+++ Provided data +++

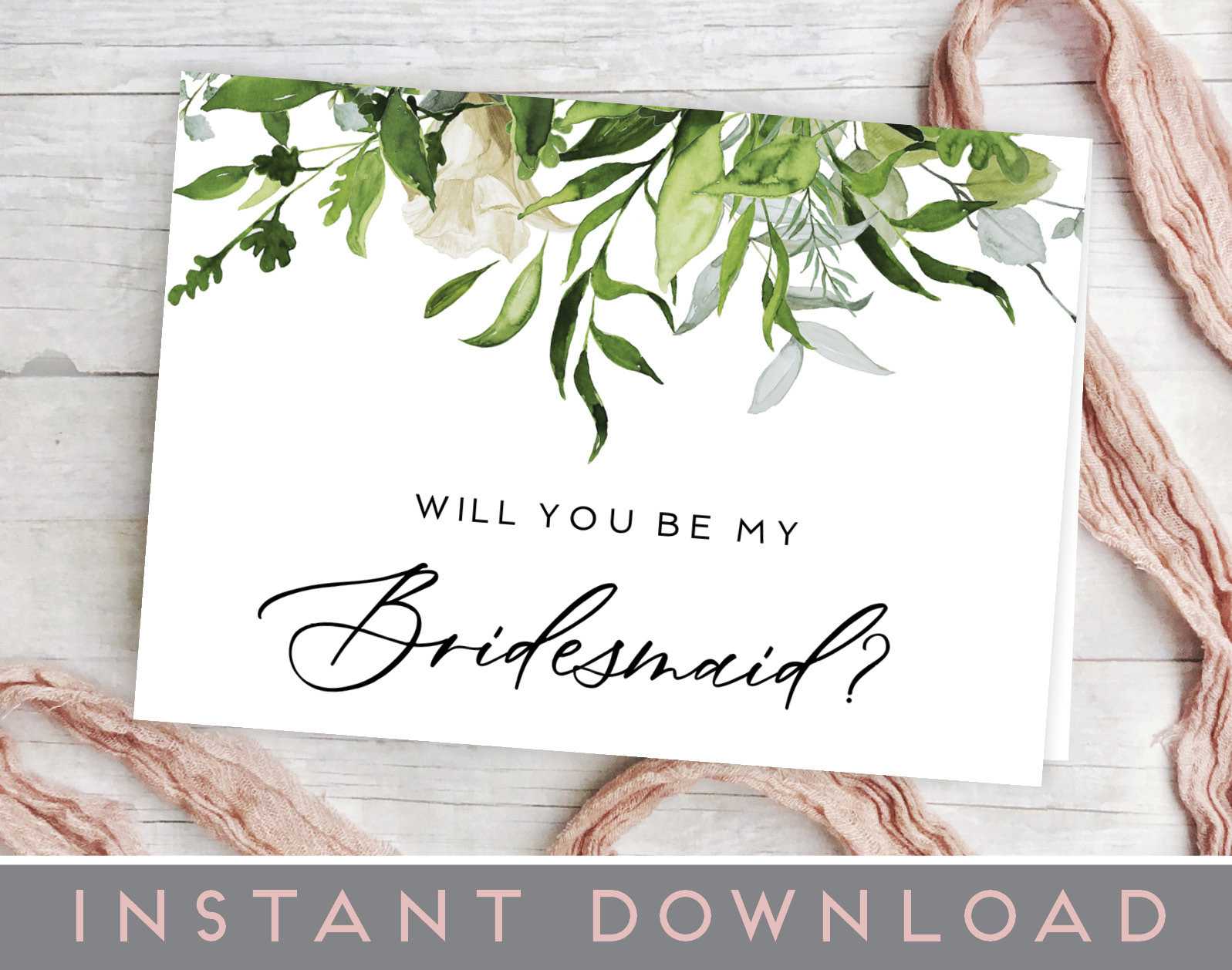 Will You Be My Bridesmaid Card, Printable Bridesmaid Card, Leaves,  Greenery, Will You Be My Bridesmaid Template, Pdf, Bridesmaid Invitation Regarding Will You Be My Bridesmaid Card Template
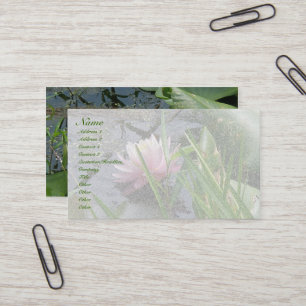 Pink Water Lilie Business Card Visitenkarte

+++
+++ Provided data +++

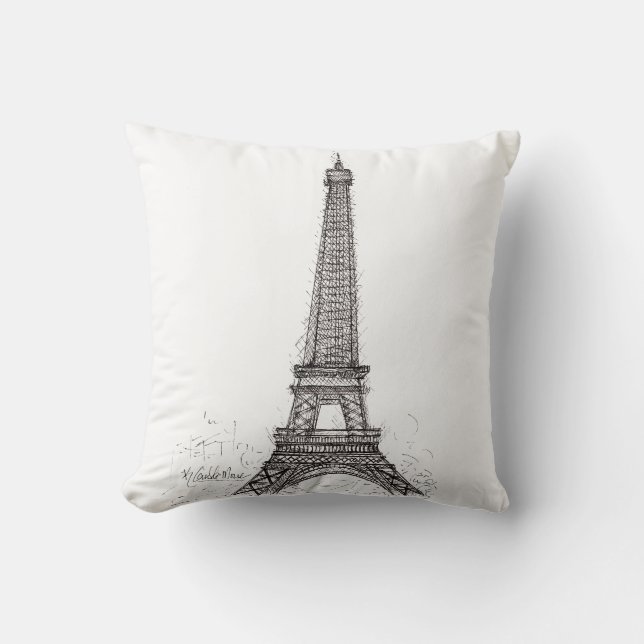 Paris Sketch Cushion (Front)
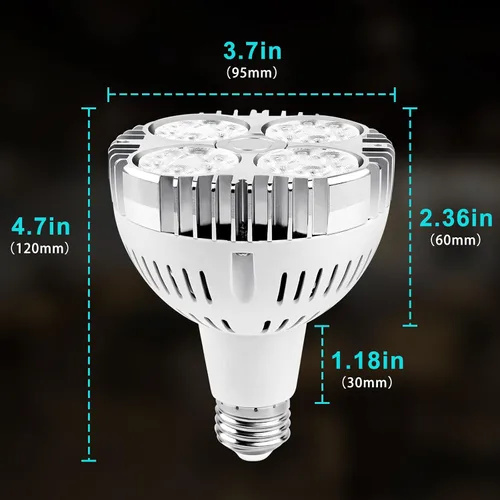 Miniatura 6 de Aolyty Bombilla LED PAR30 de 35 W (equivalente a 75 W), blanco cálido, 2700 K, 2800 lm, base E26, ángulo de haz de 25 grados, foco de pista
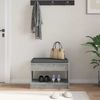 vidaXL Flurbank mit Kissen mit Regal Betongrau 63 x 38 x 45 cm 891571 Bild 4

+++

* _What to produce_: Copy the listing above exactly, but only from the line with "Will You Be My Bridesmaid Card, Printable" through the line with "Pink Water Lilie Business Card Visitenkarte", including those two lines and excluding any picture.

* _Written solution_:
 Will You Be My Bridesmaid Card, Printable Bridesmaid Card, Leaves,  Greenery, Will You Be My Bridesmaid Template, Pdf, Bridesmaid Invitation Regarding Will You Be My Bridesmaid Card Template
 Pink Water Lilie Business Card Visitenkarte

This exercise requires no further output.